How to tell length of an x86-64 instruction opcode using CPU itself?

1 Answers

The Trap Flag (TF) in EFLAGS/RFLAGS makes the CPU single-step, i.e. take an exception after running one instruction.

So if you write a debugger, you can use the CPU's single-stepping capability to find instruction boundaries in a block of code. But only by running it, and if it faults (e.g. a load from an unmapped address) you'll get that exception instead of the TF single-step exception.

(Most OSes have facilities for attaching to and single-stepping another process, e.g. Linux ptrace, so you could maybe create an unprivileged sandbox process where your could step through some unknown bytes of machine code...)

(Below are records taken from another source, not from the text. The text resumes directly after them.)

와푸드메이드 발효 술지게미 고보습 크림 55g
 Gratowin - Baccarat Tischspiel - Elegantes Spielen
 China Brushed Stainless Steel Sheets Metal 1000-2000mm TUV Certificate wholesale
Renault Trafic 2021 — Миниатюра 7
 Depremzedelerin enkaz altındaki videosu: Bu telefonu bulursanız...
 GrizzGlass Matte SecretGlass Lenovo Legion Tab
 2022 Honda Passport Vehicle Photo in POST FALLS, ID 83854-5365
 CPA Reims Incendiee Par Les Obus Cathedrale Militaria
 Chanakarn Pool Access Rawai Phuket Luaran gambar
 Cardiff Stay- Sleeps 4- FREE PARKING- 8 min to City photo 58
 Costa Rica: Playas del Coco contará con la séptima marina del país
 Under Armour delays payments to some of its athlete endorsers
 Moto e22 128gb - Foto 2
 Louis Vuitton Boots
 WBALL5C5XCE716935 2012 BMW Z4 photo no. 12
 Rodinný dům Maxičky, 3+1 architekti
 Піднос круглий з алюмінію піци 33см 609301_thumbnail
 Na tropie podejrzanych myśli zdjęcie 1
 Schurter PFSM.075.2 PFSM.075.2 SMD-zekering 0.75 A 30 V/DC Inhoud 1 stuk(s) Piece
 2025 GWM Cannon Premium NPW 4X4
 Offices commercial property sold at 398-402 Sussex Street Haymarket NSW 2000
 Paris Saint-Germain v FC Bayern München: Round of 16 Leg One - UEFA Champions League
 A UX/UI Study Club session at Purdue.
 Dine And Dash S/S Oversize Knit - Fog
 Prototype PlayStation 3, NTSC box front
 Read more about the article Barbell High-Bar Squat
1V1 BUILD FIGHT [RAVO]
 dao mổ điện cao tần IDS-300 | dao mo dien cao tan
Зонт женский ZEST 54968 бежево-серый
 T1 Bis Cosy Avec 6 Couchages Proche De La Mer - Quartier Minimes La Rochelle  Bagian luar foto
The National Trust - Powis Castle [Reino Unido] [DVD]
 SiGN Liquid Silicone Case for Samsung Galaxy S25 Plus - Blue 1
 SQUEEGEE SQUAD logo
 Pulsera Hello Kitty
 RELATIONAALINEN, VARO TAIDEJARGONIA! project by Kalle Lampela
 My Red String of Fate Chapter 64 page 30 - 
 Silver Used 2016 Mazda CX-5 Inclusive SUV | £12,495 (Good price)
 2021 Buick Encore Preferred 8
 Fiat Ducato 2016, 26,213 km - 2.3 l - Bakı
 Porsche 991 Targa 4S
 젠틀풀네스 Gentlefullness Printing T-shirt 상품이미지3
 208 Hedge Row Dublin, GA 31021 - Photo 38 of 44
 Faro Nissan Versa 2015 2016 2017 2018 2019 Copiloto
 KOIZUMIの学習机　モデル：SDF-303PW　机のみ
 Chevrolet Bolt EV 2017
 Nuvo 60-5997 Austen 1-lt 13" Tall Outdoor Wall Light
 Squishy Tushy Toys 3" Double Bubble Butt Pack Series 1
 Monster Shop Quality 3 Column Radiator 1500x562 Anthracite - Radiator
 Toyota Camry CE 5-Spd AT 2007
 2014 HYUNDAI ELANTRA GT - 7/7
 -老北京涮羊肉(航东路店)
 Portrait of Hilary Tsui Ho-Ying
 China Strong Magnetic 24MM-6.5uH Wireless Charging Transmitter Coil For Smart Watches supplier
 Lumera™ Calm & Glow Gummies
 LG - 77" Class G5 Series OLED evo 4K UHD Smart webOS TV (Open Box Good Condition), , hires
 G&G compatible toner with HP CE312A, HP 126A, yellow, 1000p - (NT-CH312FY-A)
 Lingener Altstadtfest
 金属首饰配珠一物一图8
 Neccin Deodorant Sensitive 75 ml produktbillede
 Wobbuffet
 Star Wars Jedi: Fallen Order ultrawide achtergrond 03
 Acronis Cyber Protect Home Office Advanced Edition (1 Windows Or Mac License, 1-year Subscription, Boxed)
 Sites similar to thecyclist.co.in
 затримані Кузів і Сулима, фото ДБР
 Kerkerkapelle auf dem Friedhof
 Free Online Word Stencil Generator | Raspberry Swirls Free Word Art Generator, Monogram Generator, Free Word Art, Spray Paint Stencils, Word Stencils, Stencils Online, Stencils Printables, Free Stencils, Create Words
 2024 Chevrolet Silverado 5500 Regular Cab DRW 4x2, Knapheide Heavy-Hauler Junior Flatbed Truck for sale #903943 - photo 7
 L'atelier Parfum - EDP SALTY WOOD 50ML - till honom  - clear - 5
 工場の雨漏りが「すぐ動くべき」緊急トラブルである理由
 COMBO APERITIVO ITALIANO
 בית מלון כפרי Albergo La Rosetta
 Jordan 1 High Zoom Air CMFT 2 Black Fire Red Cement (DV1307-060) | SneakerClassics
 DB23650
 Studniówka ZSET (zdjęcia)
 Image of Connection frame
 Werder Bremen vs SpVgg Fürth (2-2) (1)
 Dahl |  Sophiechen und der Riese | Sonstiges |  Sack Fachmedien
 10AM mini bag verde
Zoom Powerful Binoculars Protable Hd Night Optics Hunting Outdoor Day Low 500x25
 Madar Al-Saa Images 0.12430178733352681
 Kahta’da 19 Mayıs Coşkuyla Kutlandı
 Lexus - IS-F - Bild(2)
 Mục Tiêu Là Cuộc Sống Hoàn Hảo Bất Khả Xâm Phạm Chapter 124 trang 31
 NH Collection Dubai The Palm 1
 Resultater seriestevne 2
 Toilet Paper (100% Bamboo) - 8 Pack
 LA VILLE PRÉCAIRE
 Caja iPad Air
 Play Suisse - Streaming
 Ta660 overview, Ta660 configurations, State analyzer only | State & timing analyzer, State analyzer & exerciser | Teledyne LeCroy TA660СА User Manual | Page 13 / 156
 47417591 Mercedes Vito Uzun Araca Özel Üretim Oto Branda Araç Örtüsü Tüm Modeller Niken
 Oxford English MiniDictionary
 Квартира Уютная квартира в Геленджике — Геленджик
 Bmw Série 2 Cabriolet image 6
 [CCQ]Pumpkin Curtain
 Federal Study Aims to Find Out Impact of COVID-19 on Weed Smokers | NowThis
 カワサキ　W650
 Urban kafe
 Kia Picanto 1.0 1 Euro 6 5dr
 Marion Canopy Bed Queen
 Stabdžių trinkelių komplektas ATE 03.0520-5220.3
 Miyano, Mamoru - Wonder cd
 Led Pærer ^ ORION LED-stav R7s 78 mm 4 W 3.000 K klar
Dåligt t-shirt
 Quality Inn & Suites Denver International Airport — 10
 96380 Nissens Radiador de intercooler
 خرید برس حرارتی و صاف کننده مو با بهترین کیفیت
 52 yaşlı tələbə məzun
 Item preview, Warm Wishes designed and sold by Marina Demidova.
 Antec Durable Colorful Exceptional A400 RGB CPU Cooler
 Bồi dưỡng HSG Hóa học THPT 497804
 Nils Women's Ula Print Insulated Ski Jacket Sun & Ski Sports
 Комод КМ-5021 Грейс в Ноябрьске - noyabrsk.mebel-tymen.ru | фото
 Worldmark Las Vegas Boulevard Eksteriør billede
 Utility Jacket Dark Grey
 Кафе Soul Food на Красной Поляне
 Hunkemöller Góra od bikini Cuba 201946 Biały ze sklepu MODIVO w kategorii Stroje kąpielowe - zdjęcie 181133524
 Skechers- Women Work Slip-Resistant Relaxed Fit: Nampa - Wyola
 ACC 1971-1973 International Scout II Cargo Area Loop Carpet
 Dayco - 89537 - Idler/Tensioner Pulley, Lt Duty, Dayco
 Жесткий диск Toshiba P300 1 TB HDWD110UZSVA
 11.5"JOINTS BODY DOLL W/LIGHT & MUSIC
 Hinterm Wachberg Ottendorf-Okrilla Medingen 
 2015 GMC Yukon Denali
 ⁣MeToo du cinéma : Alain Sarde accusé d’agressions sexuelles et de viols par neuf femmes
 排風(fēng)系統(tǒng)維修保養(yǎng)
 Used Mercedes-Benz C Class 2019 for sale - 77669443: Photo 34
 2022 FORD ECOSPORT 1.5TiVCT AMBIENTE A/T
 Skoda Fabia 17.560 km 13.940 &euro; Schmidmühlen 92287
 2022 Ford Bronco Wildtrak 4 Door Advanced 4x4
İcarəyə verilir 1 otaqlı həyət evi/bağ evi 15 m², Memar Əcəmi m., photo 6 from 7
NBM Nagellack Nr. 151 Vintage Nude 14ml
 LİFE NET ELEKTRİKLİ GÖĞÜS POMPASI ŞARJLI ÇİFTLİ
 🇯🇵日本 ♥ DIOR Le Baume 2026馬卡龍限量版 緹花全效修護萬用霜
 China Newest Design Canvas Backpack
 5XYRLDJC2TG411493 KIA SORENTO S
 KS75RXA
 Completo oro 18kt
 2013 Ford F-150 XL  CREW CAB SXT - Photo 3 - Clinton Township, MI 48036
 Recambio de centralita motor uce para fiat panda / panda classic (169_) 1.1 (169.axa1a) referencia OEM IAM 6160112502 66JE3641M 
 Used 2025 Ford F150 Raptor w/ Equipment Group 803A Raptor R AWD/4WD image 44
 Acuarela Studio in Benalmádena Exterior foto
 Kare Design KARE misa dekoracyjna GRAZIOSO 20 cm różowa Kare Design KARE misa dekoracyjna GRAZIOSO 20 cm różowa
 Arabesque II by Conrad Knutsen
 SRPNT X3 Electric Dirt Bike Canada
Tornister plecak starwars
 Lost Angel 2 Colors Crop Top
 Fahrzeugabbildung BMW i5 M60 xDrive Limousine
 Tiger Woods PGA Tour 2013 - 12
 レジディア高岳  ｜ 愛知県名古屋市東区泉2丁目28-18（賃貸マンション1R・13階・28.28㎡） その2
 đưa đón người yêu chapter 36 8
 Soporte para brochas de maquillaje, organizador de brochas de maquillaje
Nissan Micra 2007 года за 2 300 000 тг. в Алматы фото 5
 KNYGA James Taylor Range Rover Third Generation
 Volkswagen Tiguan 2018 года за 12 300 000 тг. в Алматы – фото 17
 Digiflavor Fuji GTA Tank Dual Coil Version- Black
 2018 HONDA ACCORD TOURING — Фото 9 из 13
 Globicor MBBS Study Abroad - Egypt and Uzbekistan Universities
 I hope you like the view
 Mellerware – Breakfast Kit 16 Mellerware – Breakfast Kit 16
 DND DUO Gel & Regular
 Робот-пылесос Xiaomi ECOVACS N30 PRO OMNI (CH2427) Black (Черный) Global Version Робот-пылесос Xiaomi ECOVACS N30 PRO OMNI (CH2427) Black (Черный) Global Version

Or as @Rbmn points out, you can use OS-assisted debug facilities to single-step yourself.

@Harold and @MargaretBloom also point out that you can put bytes at the end of a page (followed by an unmapped page) and run them. See if you get a #UD, a page fault, or a #GP exception.

#UD: the decoders saw a complete but invalid instruction.
page fault on the unmapped page: the decoders hit the unmapped page before deciding that it was an illegal instruction.
#GP: the instruction was privileged or faulted for other reasons.

To rule out decoding+running as a complete instruction and then faulting on the unmapped page, start with only 1 byte before the unmapped page, and keep adding more bytes until you stop getting page faults.

Breaking the x86 ISA by Christopher Domas goes into more detail about this technique, including using it to find undocumented illegal instructions, e.g. 9a13065b8000d7 is a 7-byte illegal instruction; that's when it stops page-faulting. (objdump -d just says 0x9a (bad) and decodes the rest of the bytes, but apparently real Intel hardware isn't satisfied that it's bad until it's fetched 6 more bytes).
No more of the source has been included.